Retype, word for word, every line of the records below starting at the one that contains "Imagem de Tapetes" and ending at the one that contains "Varedo to Barzago map"; include both of those lines and nothing more.

--- EXERCISE MATERIALS ---

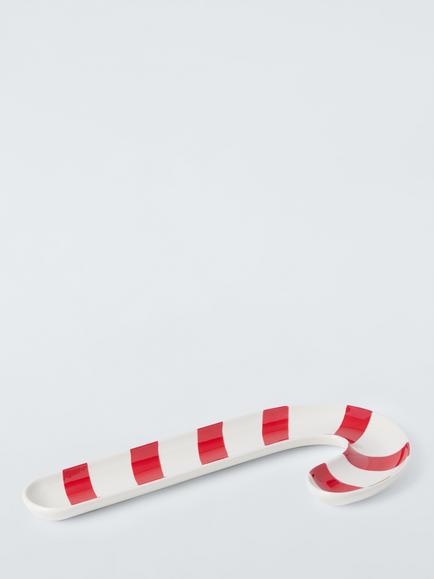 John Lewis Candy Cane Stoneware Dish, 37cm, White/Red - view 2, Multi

---
--- EXERCISE MATERIALS ---

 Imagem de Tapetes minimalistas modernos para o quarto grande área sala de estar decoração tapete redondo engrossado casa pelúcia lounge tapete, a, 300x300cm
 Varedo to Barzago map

---
--- EXERCISE MATERIALS ---

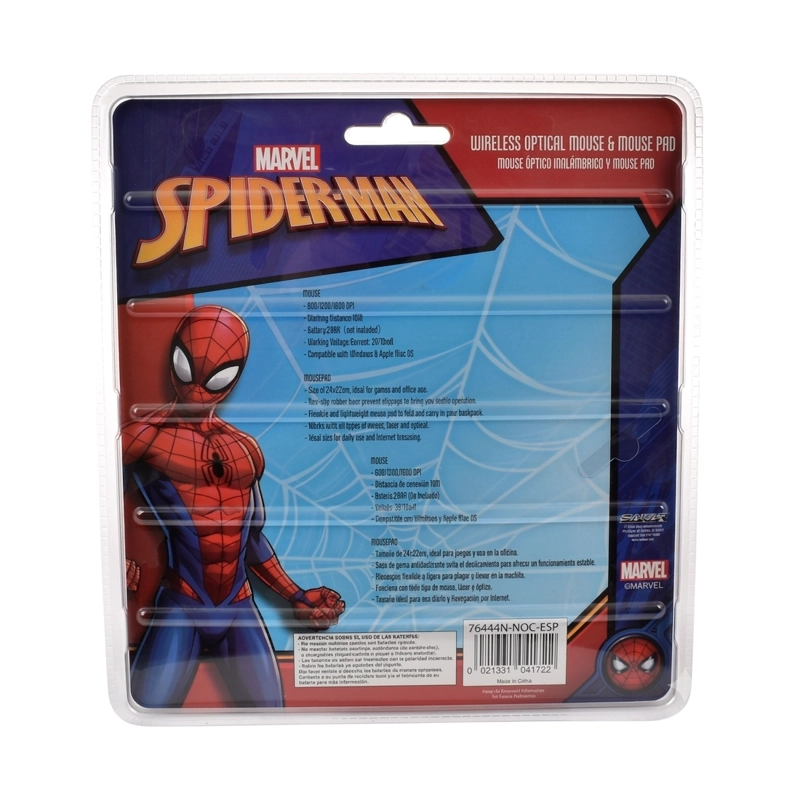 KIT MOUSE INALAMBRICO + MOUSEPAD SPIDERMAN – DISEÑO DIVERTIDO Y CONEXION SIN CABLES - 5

---

SOLUTION FOR THIS PROBLEM:
 Imagem de Tapetes minimalistas modernos para o quarto grande área sala de estar decoração tapete redondo engrossado casa pelúcia lounge tapete, a, 300x300cm
 Varedo to Barzago map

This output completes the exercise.